The RFC’s fighter airplanes battled to clear the skies over enemy lines so that reconnaissance airplanes could gather and relay information about enemy positions, or take photographs for analysis and map-making in anticipation of attacks. Despite being used mostly for reconnaissance at the start of the war, they developed rapidly as bombers and as fighters. They weren’t without their problems, though – pilots suffered chronic diarrhoea as a result of the fumes from the use of castor oil, a laxative, in the fuel tanks, to lubricate the engine! Fighter pilots became national heroes.

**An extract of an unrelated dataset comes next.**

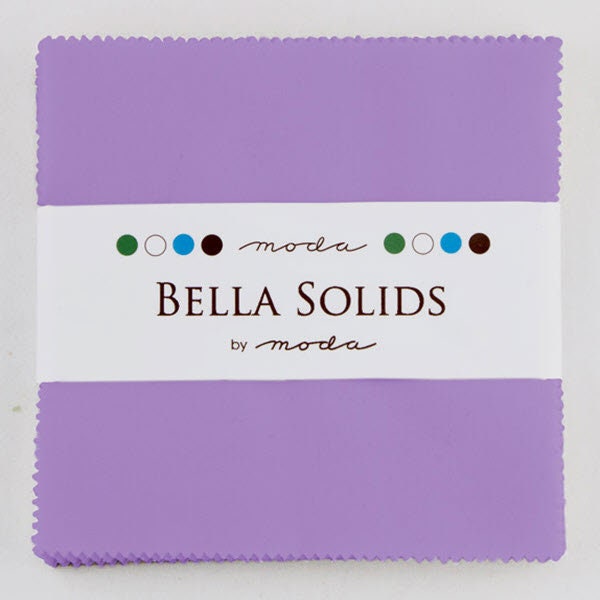 BELLA SOLIDS Charm Pack in Hyacinth - (42) 5" x 5" Squares - Purple Cotton Quilt Fabric Precuts - Moda Fabrics - 9900PP-93 (W7141)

German trench systems, dug deep and reinforced with concrete, protected by barbed wire, machine guns and artillery were well nigh impregnable to conventional infantry assault, so new weapons were developed and introduced. Tanks, armoured and mechanised, were designed to roll over barbed wire or across trenches.
Tanks were rushed into production for the Battle of the Somme (1916), and though soldiers appreciated them, to begin with they frequently broke down. The cage on top of the one in the picture above is designed to make grenades bounce off.
Poisonous gas was designed to permeate defensive systems, disabling or killing enemy soldiers. Poison gas was used by both sides. Here British soldiers are wearing PH gas helmets for protection. The material of the hood was impregnated with chemicals that stopped gas.
One technology that didn’t keep pace with other developments was communications. Buried telephone wires connected different headquarters, but were often the first thing to be destroyed by artillery counter-bombardment as soon as an attack was launched. Radio was in its infancy. This meant that, during battles, commanders had no way of knowing what was happening on the battlefield. Information was received, and orders sometimes reached their destination hours after the situation had changed.
Early military wireless radios were big and unreliable!